The epididymis, a series of tubes where sperm is stored, is lined with cilia-like structures that help sperm cells move. Since PCD affects cilia and cilia-like structures, sperm cells may not be able to effectively travel. In addition, motile cilia and sperm flagella (tails) share common structures, so many men with PCD experience severe or total aesthenozoospermia (sperm with reduced or no motility).

Approximately 75% of men with Kartagener’s syndrome experience infertility. Unfortunately, reproductive technologies like ICSI and have not shown much promise for males with PCD. Studies suggest that procedures like TESE-ICSI can improve fertilization rates, but have not been shown to improve pregnancy outcome.

Kallmann syndrome

Kallmann syndrome is a rare condition affecting 1 out of every 30,000 males, and causes delayed or absent puberty. Kallman syndrome causes a lack of hormones that direct sexual development, which is why it is most commonly diagnosed during adolescence. Although other symptoms like impaired sense of smell are prevalent in those with Kallmann syndrome, it is delayed puberty that usually alerts a doctor's attention, provoking testing and diagnosis.

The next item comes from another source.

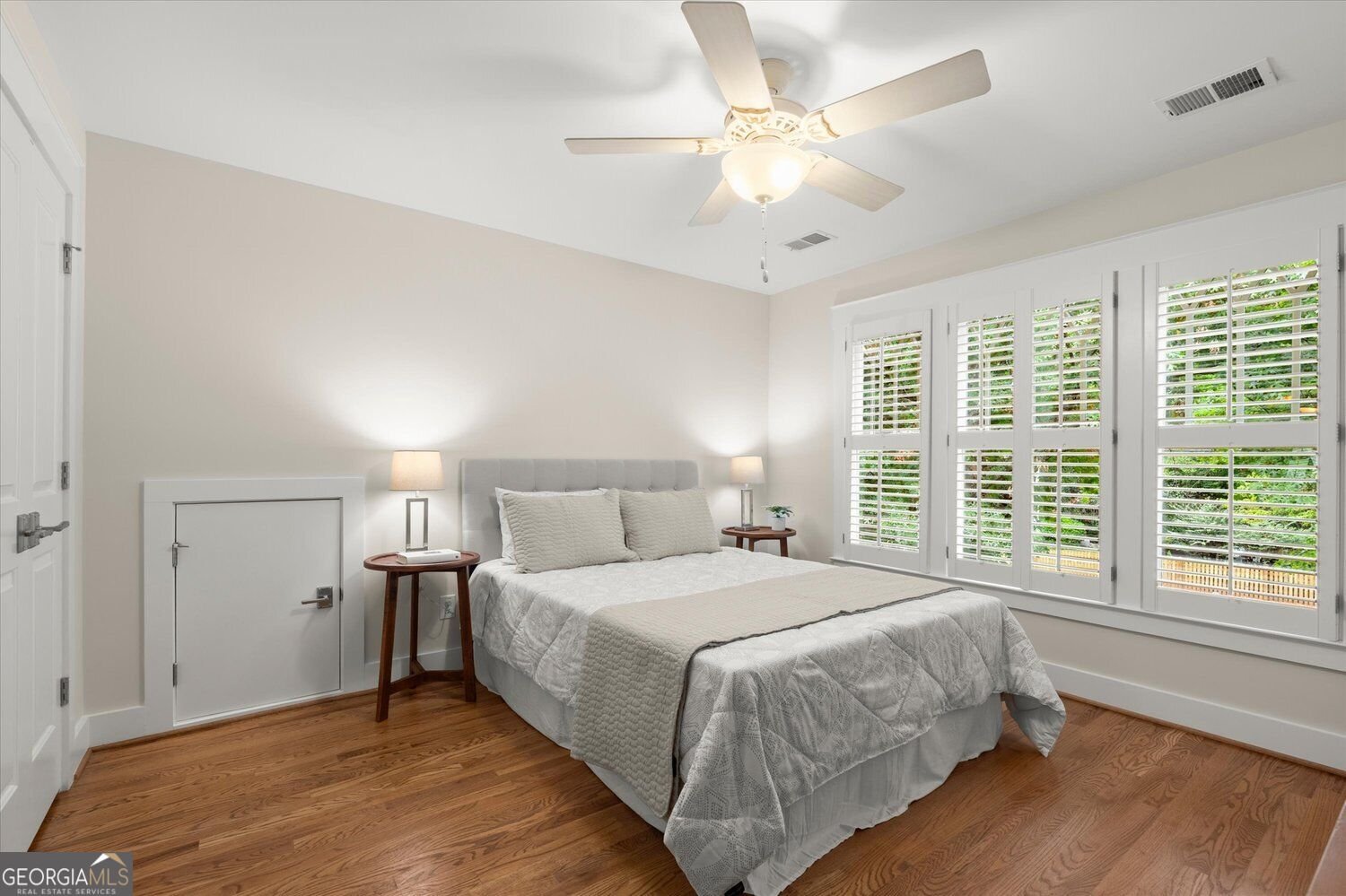 1320 Roswell Street smyrna - Photo 34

Most males with this condition experience absent sperm production and infertility. In some cases, sperm production can be induced by long-term administration of GnRH, which is a hormone that causes the pituitary gland in the brain to make and secrete male fertility hormones like luteinizing hormone (LH) and follicle-stimulating hormone (FSH) to stimulate testosterone and sperm production.

When testing for male fertility, genetic testing is typically performed after frontline tests like semen analysis and sperm DNA fragmentation analysis. If you've gone through rounds of fertility testing or have a unique family medical history, genetic testing may be your next step.

Genetic male infertility versus sperm DNA fragmentation

Sperm DNA fragmentation may sound like it’s related to genetics, but inherited infertility and sperm DNA fragmentation are two very different things.

Genetic infertility is inherent at birth (or “congenital”), such as in the above cases, where an aspect of your chromosomal genetic makeup experienced a mutation. Sperm DNA fragmentation, on the other hand, is damage specifically to the DNA inside the sperm cells, usually brought on by age, smoking, illness, infection, or environmental toxin exposure. This damage can occur at multiple points in the sperm's lifecycle, from production in the testes to when it's in “storage” in the epididymis or even post-ejaculation.

While genetic testing will typically require on-site clinic visits, there is an at-home sperm DNA fragmentation analysis kit that makes fertility testing easier.

What are other causes of male infertility?

While male fertility can be impacted by genetics, there are other, much more common factors that influence fertility. These include:

  • Age. Although men can continue producing sperm throughout their entire lifetime, that doesn't mean that the quality of sperm remains constant. Sperm quality parameters naturally decline with age, and most men see a significant decline in sperm motility after the age of 40. Studies also show that DNA fragmentation becomes more common as a man ages.
  • Diet and exercise. Research shows that there's an association between poor male fertility and obesity. Diets high in fried foods, refined grains, added sugars, and processed meats correlate with poor sperm quality factors, like reduced sperm count, motility, and morphology. And finally, exercise regimens such as walking and jogging have been shown to improve fertility markers. Learn more about sperm improvement.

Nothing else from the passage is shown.